Energie et intolérances environnementales : électro-hypersensibilité, syndrome éolien, qu’en est-il vraiment ?

M. Bonnet-Belfais, J. Lambrozo, M. Souques, A. Piotrowski, P. Tossa Environnement, Risques et Santé, ERS, 2017, vol.16, n°2, pp.141-1150. Bibliographie

Dans les intolérances environnementales idiopathiques (IEI), où les personnes souffrent de symptômes variés non spécifiques d’une pathologie particulière et sans cause reconnue, on incrimine divers facteurs environnementaux. S’agit-il d’ hypersensibilités individuelles ou d’un syndrome collectif inexpliqué ?
Les préoccupations sociétales largement relayées par les médias laissent suggérer que les risques existent mais ne sont pas pris en compte.
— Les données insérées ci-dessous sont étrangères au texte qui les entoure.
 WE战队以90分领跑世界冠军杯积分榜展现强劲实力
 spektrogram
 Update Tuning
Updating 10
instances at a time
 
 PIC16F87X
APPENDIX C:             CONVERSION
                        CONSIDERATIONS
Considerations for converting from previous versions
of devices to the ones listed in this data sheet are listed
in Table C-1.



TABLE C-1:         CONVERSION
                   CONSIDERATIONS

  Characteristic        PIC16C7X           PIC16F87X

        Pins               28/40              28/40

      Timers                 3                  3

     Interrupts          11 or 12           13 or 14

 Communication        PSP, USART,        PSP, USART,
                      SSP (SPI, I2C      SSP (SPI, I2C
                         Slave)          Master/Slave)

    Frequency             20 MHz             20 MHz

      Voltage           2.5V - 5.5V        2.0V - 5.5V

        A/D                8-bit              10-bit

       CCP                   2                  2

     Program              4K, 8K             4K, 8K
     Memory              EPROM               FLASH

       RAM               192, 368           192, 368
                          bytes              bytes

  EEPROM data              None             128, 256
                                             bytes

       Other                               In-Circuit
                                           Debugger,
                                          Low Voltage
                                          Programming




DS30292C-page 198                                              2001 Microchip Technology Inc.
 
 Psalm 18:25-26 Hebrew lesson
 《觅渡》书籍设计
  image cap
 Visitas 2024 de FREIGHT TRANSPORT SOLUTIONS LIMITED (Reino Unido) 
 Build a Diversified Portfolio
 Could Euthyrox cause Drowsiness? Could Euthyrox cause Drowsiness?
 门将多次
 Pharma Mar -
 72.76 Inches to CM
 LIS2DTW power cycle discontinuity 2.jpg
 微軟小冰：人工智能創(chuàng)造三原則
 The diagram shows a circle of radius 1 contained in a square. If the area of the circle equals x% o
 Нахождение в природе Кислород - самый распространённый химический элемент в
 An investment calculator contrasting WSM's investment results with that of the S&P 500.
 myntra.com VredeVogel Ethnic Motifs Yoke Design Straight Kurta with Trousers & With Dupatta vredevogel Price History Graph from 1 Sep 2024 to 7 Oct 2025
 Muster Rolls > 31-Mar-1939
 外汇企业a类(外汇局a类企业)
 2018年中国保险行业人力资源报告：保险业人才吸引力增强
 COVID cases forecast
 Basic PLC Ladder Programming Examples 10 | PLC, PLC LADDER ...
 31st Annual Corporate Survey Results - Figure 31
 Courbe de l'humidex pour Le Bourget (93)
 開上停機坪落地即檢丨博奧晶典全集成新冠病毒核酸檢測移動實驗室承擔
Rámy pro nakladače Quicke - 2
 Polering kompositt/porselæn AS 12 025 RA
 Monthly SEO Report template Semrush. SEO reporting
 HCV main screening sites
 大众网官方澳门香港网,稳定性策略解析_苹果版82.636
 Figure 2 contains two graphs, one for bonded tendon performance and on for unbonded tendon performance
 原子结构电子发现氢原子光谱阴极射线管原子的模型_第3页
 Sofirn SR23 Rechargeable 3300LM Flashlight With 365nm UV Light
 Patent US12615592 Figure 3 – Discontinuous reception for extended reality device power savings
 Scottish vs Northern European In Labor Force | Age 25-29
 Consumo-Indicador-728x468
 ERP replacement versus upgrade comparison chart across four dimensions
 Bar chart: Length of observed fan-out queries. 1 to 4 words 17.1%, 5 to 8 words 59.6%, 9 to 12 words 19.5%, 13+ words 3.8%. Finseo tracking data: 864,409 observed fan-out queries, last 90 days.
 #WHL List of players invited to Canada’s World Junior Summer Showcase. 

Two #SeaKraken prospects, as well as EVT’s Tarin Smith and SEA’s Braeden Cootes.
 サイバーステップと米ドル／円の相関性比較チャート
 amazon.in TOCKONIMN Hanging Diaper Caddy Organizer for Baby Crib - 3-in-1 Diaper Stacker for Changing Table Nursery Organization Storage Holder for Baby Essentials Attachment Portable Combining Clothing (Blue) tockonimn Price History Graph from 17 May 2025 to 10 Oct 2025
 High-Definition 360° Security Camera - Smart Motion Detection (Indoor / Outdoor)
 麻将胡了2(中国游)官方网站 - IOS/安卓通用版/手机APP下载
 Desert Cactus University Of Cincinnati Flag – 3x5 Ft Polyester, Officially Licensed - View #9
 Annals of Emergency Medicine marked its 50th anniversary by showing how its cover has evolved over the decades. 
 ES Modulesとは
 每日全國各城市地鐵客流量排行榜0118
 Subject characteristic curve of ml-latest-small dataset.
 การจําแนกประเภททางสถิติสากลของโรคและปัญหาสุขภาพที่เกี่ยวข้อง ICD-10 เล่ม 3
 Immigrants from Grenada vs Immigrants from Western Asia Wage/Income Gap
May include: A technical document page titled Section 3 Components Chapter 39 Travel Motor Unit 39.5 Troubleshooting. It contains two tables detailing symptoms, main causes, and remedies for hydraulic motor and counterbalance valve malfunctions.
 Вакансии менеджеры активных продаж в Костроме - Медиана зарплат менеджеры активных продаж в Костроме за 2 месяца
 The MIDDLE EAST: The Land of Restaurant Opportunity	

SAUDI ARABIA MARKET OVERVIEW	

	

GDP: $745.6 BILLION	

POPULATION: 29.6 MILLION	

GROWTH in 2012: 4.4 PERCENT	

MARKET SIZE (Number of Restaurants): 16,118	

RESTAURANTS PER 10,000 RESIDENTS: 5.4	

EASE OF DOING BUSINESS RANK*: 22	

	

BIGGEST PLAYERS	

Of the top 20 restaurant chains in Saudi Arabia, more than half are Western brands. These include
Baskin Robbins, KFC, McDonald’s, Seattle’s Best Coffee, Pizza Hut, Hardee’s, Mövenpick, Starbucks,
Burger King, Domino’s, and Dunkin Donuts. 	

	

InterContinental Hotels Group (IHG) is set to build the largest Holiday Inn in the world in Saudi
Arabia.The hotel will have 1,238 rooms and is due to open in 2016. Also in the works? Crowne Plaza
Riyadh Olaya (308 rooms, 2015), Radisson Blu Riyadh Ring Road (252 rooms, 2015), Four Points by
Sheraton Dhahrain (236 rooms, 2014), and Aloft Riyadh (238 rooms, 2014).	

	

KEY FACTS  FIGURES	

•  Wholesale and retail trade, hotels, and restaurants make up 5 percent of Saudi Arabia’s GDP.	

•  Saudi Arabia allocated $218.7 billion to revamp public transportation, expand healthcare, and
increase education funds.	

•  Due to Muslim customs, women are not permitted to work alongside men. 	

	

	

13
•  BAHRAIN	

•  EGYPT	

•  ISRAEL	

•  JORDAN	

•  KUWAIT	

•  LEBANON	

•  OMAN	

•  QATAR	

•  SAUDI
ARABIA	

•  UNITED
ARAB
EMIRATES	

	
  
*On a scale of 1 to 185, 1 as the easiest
Ce phénomène a toujours existé et des troubles physiques ont souvent été attribués au fil de l’histoire, à l’introduction des nouvelles technologies.
Quelles sont les sources incriminées ?
Dans l’électro-hypersensibilité (EHS), il s’agit d’installations ou d’appareils électriques générant des champs électromagnétiques (CEM), correspondant à des gammes de fréquences variables, allant des très basses fréquences aux radiofréquences (avec les communications sans fil et les radars).
Dans le syndrome éolien, sont en cause les dispositifs qui produisent de l’électricité à partir du vent et qui génèrent des infrasons et des sons de basses fréquences.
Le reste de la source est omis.